### [Task details]
Exact copies of the records below are needed, free of pictures.

### [Material for this task]
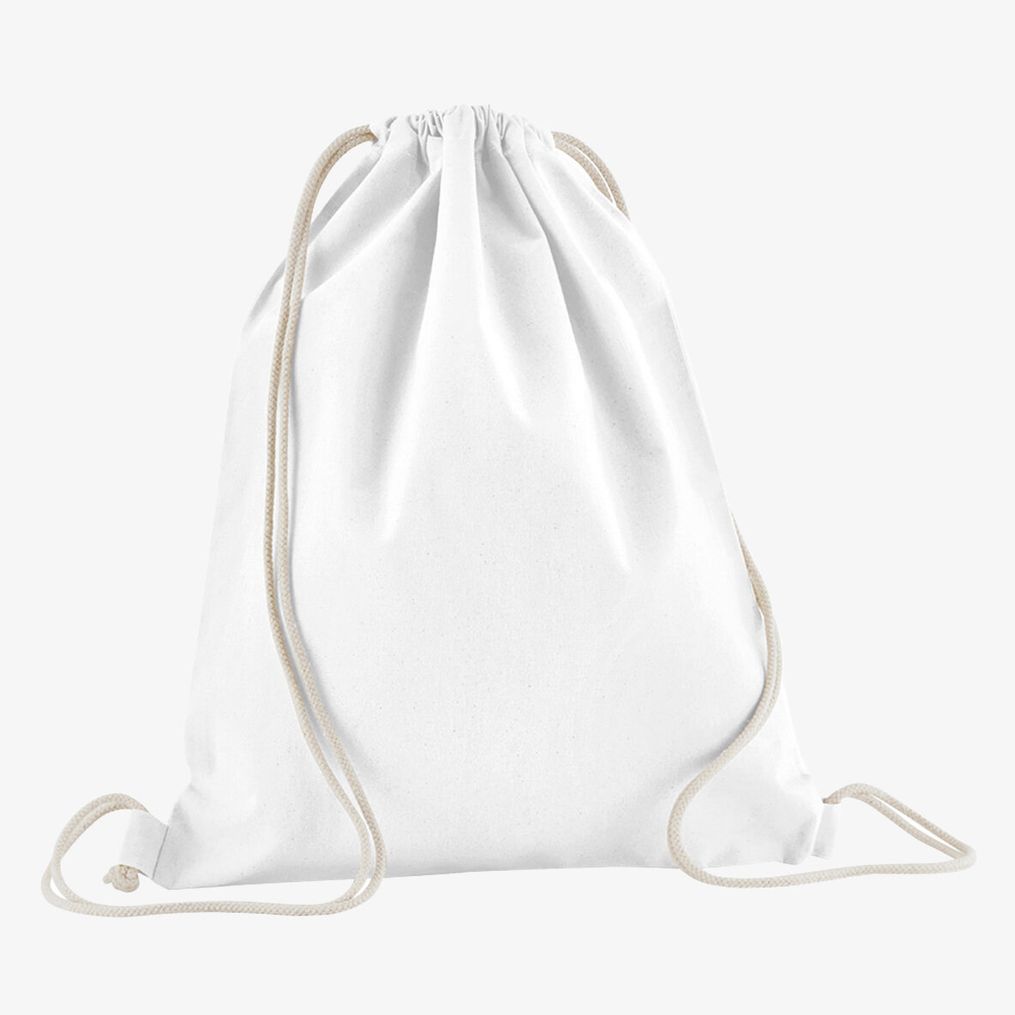 Sac de gym coton bio InCo. westfordmill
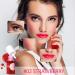 Erinde Lip Tint Stain Mini Pink Cheek Stain Water Tint Korean Lip Color #02 STRAWBERRY - Buy Online on GoSupps.com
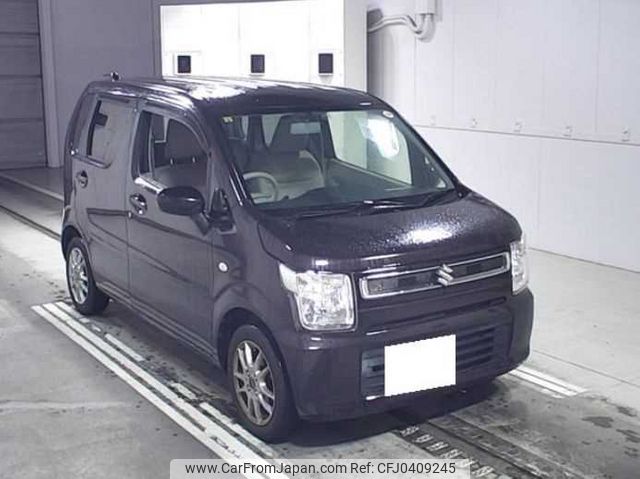 suzuki wagon-r 2018 22545 image 1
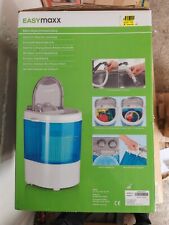 Mini camping waschmaschine gebraucht kaufen  Stollberg, Niederdorf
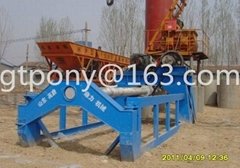 Concrete Pipe Machine for Water Drainage and Sewage 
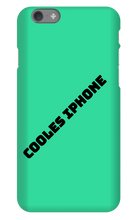Cooles Iphone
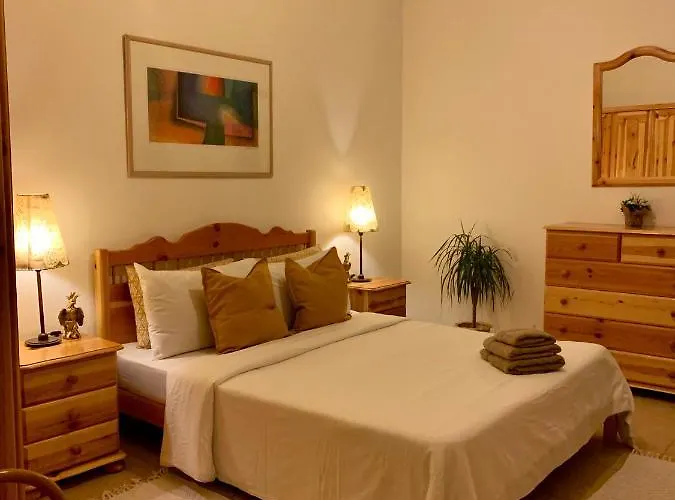 Appartement Tal-mirakli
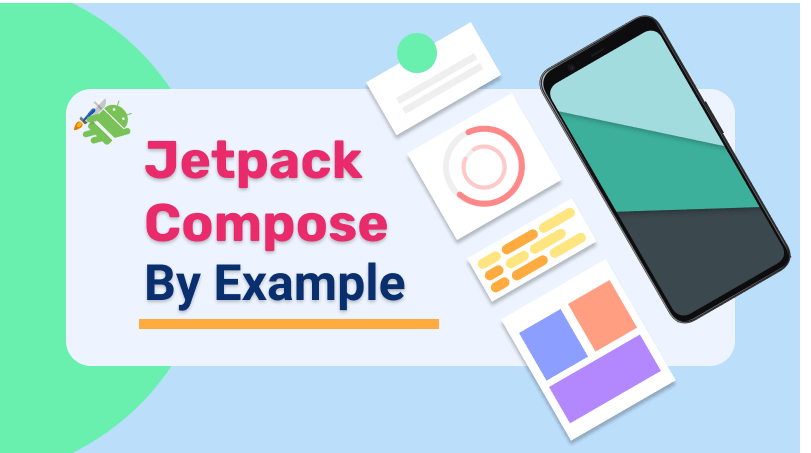 Jetpack Compose Examples and Tutorial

### [Exercise answer]
 Sac de gym coton bio InCo. westfordmill
 Erinde Lip Tint Stain Mini Pink Cheek Stain Water Tint Korean Lip Color #02 STRAWBERRY - Buy Online on GoSupps.com
 suzuki wagon-r 2018 22545 image 1
 Mini camping waschmaschine gebraucht kaufen  Stollberg, Niederdorf
 Concrete Pipe Machine for Water Drainage and Sewage 
Cooles Iphone
 Appartement Tal-mirakli
 Jetpack Compose Examples and Tutorial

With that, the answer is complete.